LOL, that's how my ISFP brother usually looks like!

As for me, I usually have a wide smile planted on my face. It changes sizes according to the situation, of course, but usually I find reasons to smile.


----------



## Narcissus (Dec 18, 2014)

Tbh as an (probable) INTP I can tell you that is exactly what my neutral face looks like. Whoa whoa!
And since I recently keep thinking I might actually turn out to be an ENTP, I took a look at that one, too... It has that "everything around me is ridiculous but Imma keep it cool. Mheheh." kind of feel... I actually tend to swing between those two expressions most of the time. Kudos. (well at first I thought the ENTP looks rather friendly but that's always a thing of subtlety when it comes to simple drawings. Good job anyways)


----------



## dwelfusius (Feb 16, 2015)

FlaviaGemina said:


> ENTPs look like they always suppress a smile. I don't mean necessarily a loving, friendly smile, more like an amused troll smile. The corners of their mouth will turn downwards but in a real person you can see that they can hardly stop themselves from smiling. I'm not sure how this could be shown in a drawing.
> 
> Also, they all have crows feet around the eyes from a very young age from trolling and laughing too much.

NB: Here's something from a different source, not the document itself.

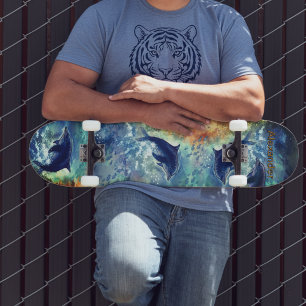 Dynamische Dolphin Ocean Wave geschilderd skateboa Skateboard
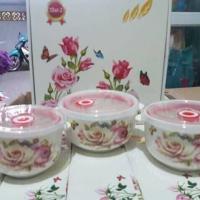 Bôn 3 bát hoa hồng không tai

My brother got them when he was 23 and he was mightily bothered because they are 'wrinkles', except that he wasn't bothered because he's way too amazing to be bothered.


Yes


----------



## Xanthus Primus (Jan 24, 2010)

flaviagemina said:


> let's test whether facial expressions can be used to type someone.
> 
> What do you all make of this person. She's german and i'm not going to tell you what she says. So let's see what people make of her expressions.


E.N.T.J 

Not because I am one. I use a certain set of rules to judge the preferences.


----------